The present study was aimed at analysing the CYP2C9 genetic polymorphism in a Mexican-American population compared with a Caucasian Spanish population.
RESULTS
The CYP2C9 genotype frequencies among the Mexican-American subjects studied (Table 2) corresponded to those predicted by the Hardy–Weinberg law (χ2=2.18, df=5, P=0.82). Among these Mexican-American healthy volunteers, only one individual (1%) was found to carry two mutated alleles (CYP2C9*2/*3). No subject homozygous for CYP2C9*2 or CYP2C9*3 alleles was detected in this population.

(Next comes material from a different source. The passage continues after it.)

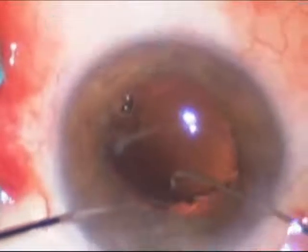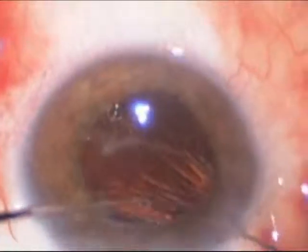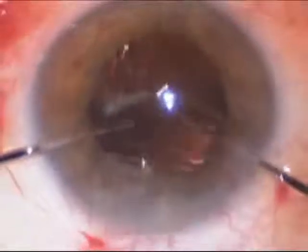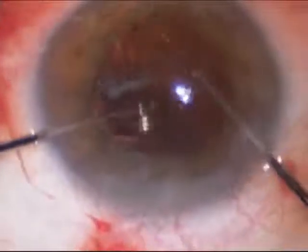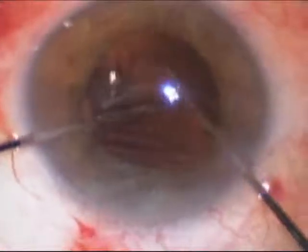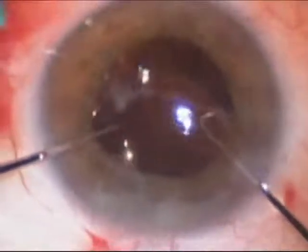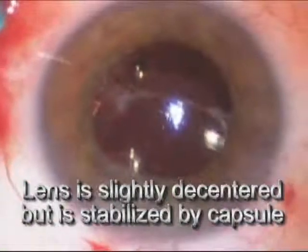You see the top part of the optic being put inside the capsule, and then the bottom part of the optic follows. Things are upside down because we're looking at the patient from the top of his head. The view is a little bit hazy because the eye has been softened to allow the lens to properly position. There you see the other part of the optic being tucked behind the capsule. What keeps the lens from falling into the posterior chamber are the two haptics, which are the spring-like pieces coming off of the edge of the lens.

The frequencies among Spaniards and Mexican-American volunteers on the CYP2C9 allele are shown in Table 3. The frequency of CYP2C9*2 was lower (P<0.05) among Mexican-Americans compared to Spaniards. The CYP2C9*4, *5 and *6 allelic variants were not found in any of the subjects.
DISCUSSION
The Mexican-American population is a complex admixture of races, combining the genetic background of several Native American Indian groups derived originally from a single migration of Asians to Beringia, with White Europeans coming from Spain. The present results agree with the resulting ethnical background for this population, as CYP2C9*2 allele has been found to be absent in Orientals (Table 1). Moreover, the frequency of CYP2C9*3 allele found among Mexican-Americans is similar to that described among White Europeans (Table 1) and Hispanics,11 which is in agreement with the presence of migrations of Spaniards to Mexico and California. The CYP2C9*2 allele frequency has been shown to be similar to the one found in a previously studied Western Mexican population.12 Several studies have shown the clinical implications for patients carrying CYP2C9*2 and CYP2C9*3 alleles.7 Some CYP2C9 substrates have a narrow therapeutic index (warfarin, acenocoumarol, glipizide and phenytoin), and thus the CYP2C9 poor metabolizers (PMs), mostly *3/*3 carriers, may experience severe drug toxicity, such as a risk of haemorrhage described during treatment with warfarin.6, 7 Conversely, these PMs may have inadequate drug response and therapeutic failure when taking a pro-drug that requires CYP2C9-mediated bio-activation to produce its drug effects, such as losartan or cyclophosphamide.13, 14 Thus, genotyping for CYP2C9 variants might allow optimization of the treatment with CYP2C9 substrate drugs by dose individualization.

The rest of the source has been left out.